20 Janvier 2016, 12:35 Documentaires

(2015, d'Adam McKay)

(2015, d'Adam McKay)

Depuis septembre 2010, les publicités en France pour les emprunts à crédit doivent comporter cette mention légale : « Un crédit vous engage et doit être remboursé. Vérifiez vos capacités de remboursement avant de vous engager ».

Le banquier me disait que cet avertissement servait à empêcher certains clients de prétendre que rien dans leur contrat ne les obligeait à rembourser l'argent. On peut certes penser que certains particuliers ont abusé du système de crédit, mais en voyant The Big Short, on peut franchement se demander si cette tentative de "moraliser" le comportement des emprunteurs n'est pas une façon pour les banques de faire diversion quant à l'irresponsabilité gigantesque qui fut la leur dans la crise des subprimes de 2007 : banques américaines en tout premier lieu bien sûr, mais aussi toutes les banques internationales qui ont acheté pendant des années leurs produits "toxiques". 

Le film d'Adam McKay nous raconte les histoires croisées de financiers qui ont senti venir cette crise dès 2005 : un gestionnaire de portefeuilles sociopathe, un financier dépressif, un ex-banquier parano et un jeune trader aux dents longues. Là où les gens soi-disant normaux et responsables n'ont rien vu venir, eux seuls ont compris que le système était voué à la faillite à court terme.
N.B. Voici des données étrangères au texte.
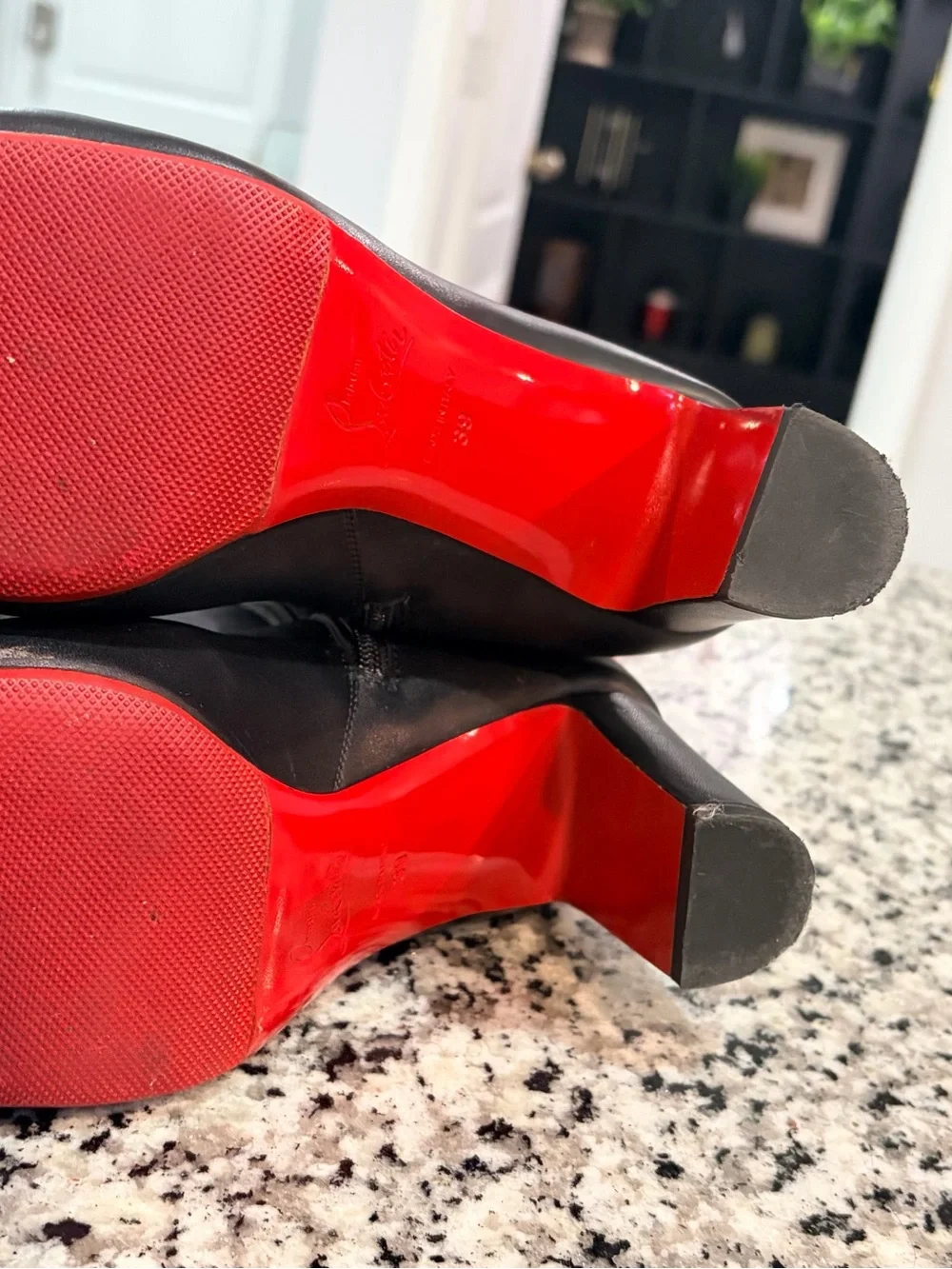 🤩❤️✨Christian Louboutin Red Bottoms Black Over-the-Knee Leather Boots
C'est l'histoire très hollywoodienne, mais vraie, de ces outsiders qui vont réussir à faire sauter le système en misant contre lui (Christian Bale, Steve Carrell, Brad Pitt et Ryan Gosling sont tous les quatre très bien dans leur rôles).

 

Hedge funds, titrisation, obligations adossées à des actifs, credit default swaps... Derrière ces termes cryptiques se cachent un ensemble de montages financiers tellement complexes que personne n'a anticipé la catastrophe qu'ils allaient engendrer, et que bien peu de gens, en réalité, comprennent. Le réalisateur nous montre comment ces produits toxiques ont permis à leurs vendeurs de s'enrichir indéfiniment et sans efforts, comme dans cette scène hilarante où deux jeunes commerciaux aux dents longues de Miami se vantent, tout sourire, d'avoir vendu cinq maisons et un appartement à une strip-teaseuse, ce qu'elle confirmera, tout en se déhanchant sur sa barre, à l'un des héros consterné ! De là cette crise, en somme : les banques ont cru qu'il serait possible de faire indéfiniment des prêts à des gens qui n'avaient pas les moyens de rembourser.
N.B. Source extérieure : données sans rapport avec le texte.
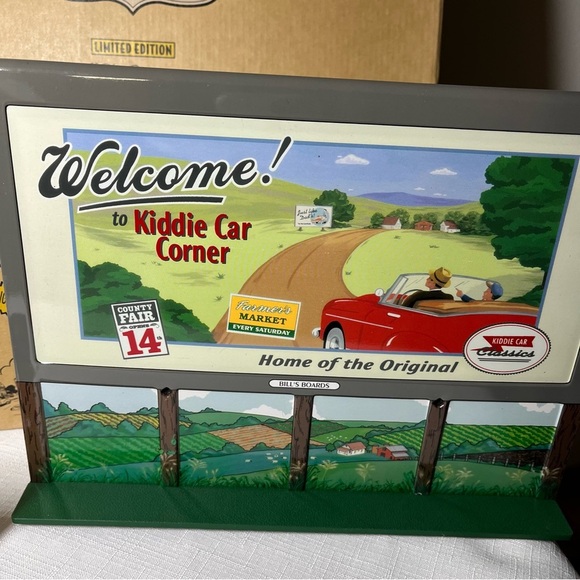 NEW Hallmark Kiddie Car Classics Collectible Garage + billboard Signs Gas pumps - Picture 9 of 16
On apprendra aussi que les agences de notation vendent bel et bien leurs fameux label AAA, pour éviter que leurs clients n'aillent de l'autre côté de la rue voir le concurrent ; et on verra comment la paperasse et la bureaucratie, loin d'être les ennemies du capitalisme, en sont la conséquence inévitable et des auxiliaires précieuses (A ce sujet, voir les analyses de l'anthropologue David Graeber : "La bureaucratie permet au capitalisme de s'enrichir sans fin". Voir aussi les propositions de l'économiste Frédéric Lordon pour prévenir d'autres crises financières).

Grâce au film, on arrive donc à comprendre l'essentiel de cette mécanique extrêmement retorse des prêts et placements, grâce à un montage ludique et dynamique, dont on peut regretter qu'il devienne parfois aussi haché que celui d'un clip. Le fond est déjà assez dur à saisir sans qu'on ait besoin que le rythme soit frénétique !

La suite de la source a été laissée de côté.